> **What to work on**
An exact copy of all the data is required, with pictures left out.

== Available data

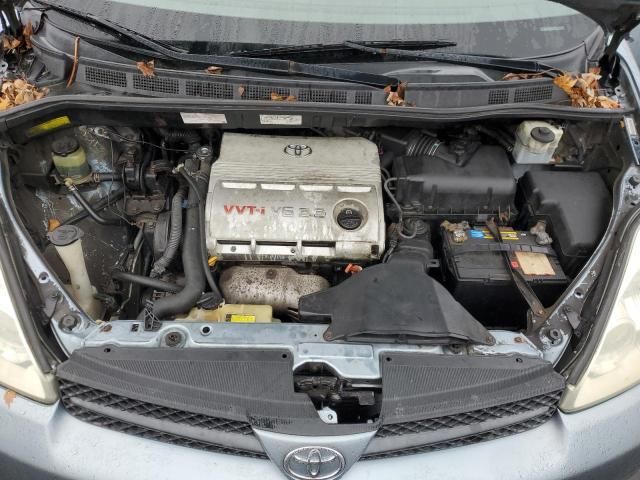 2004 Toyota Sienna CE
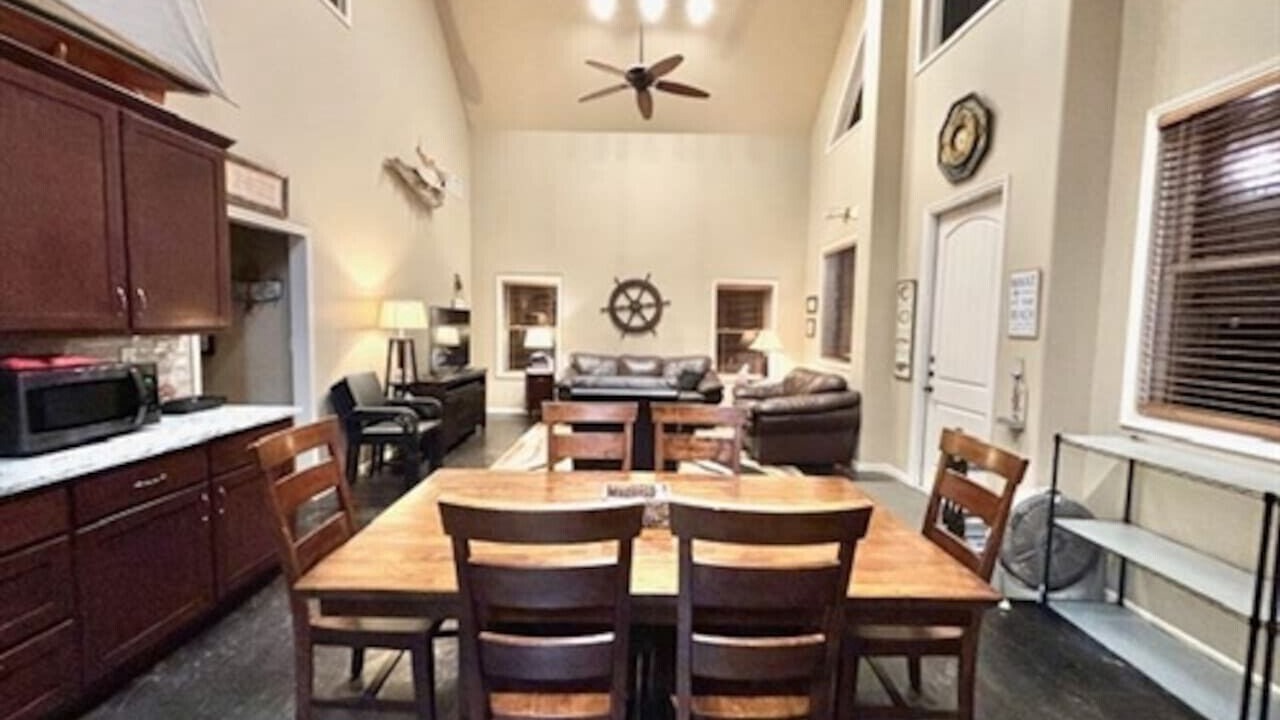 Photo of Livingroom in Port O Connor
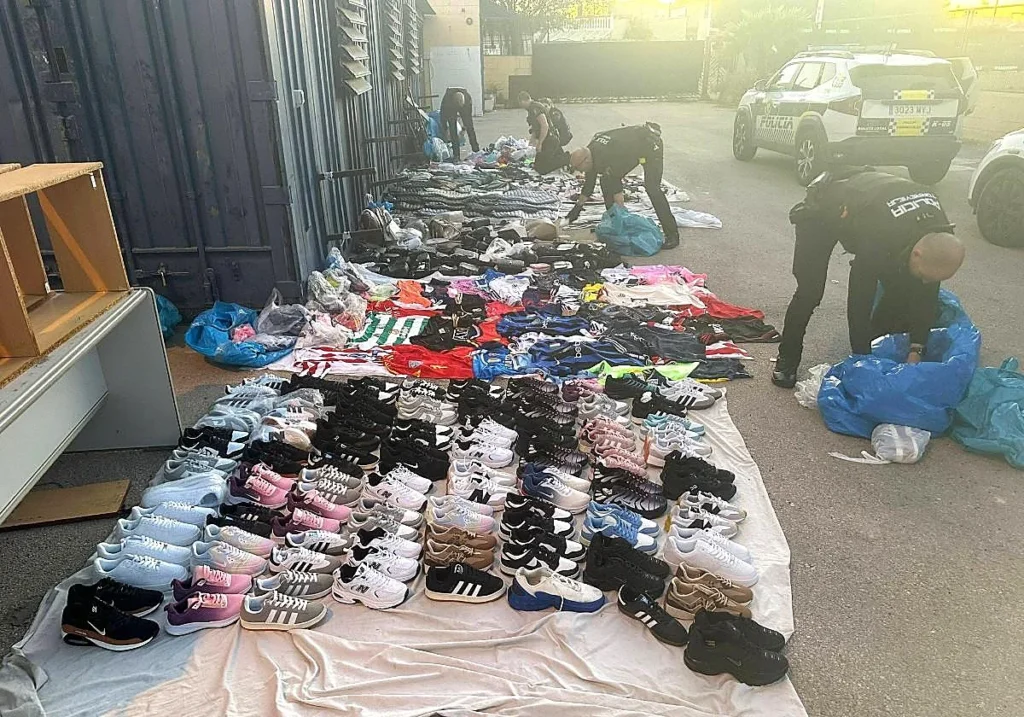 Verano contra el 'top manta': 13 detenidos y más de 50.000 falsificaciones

====

> **Answer section**
 2004 Toyota Sienna CE
 Photo of Livingroom in Port O Connor
 Verano contra el 'top manta': 13 detenidos y más de 50.000 falsificaciones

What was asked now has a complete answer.